*** DATA SHOWN ***

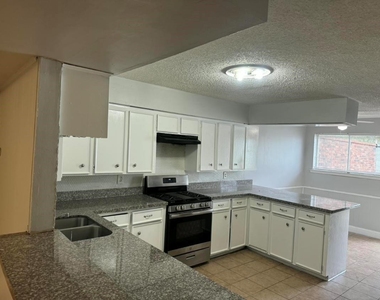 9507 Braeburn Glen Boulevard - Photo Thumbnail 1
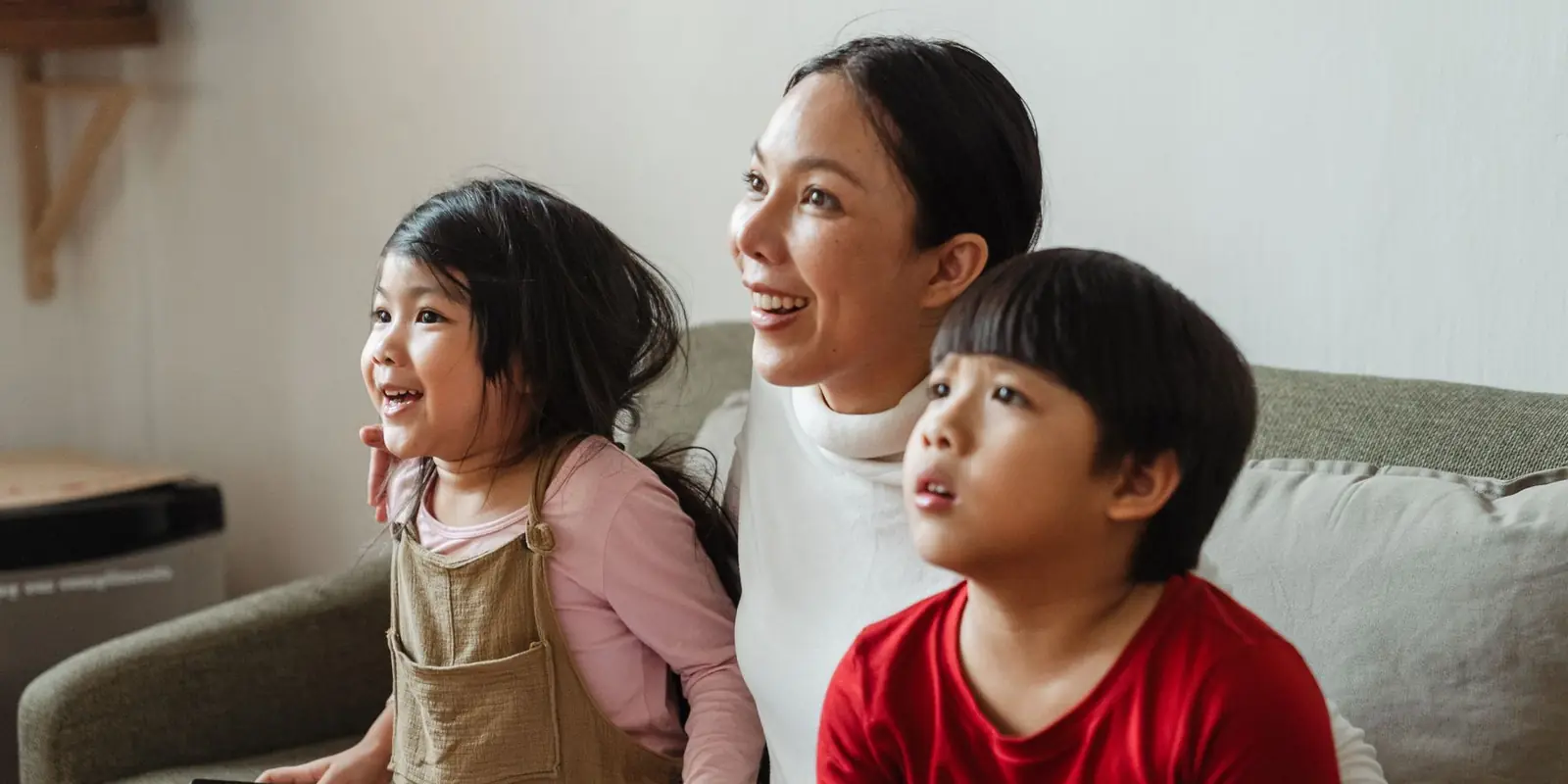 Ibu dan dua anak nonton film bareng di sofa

***
*** DATA SHOWN ***

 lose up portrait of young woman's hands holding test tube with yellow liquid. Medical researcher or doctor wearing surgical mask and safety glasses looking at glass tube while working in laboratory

***
*** DATA SHOWN ***

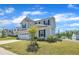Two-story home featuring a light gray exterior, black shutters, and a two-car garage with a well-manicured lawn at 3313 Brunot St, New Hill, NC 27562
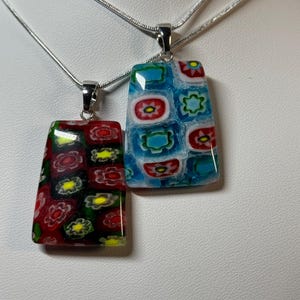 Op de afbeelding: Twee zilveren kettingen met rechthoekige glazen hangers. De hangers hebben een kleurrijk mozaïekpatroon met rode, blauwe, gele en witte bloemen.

***

In the listing above, find the line with "Two-story home featuring" and the line with "Op de afbeelding: Twee". Transcribe those two and everything between, exactly, leaving out pictures.

Two-story home featuring a light gray exterior, black shutters, and a two-car garage with a well-manicured lawn at 3313 Brunot St, New Hill, NC 27562
 Op de afbeelding: Twee zilveren kettingen met rechthoekige glazen hangers. De hangers hebben een kleurrijk mozaïekpatroon met rode, blauwe, gele en witte bloemen.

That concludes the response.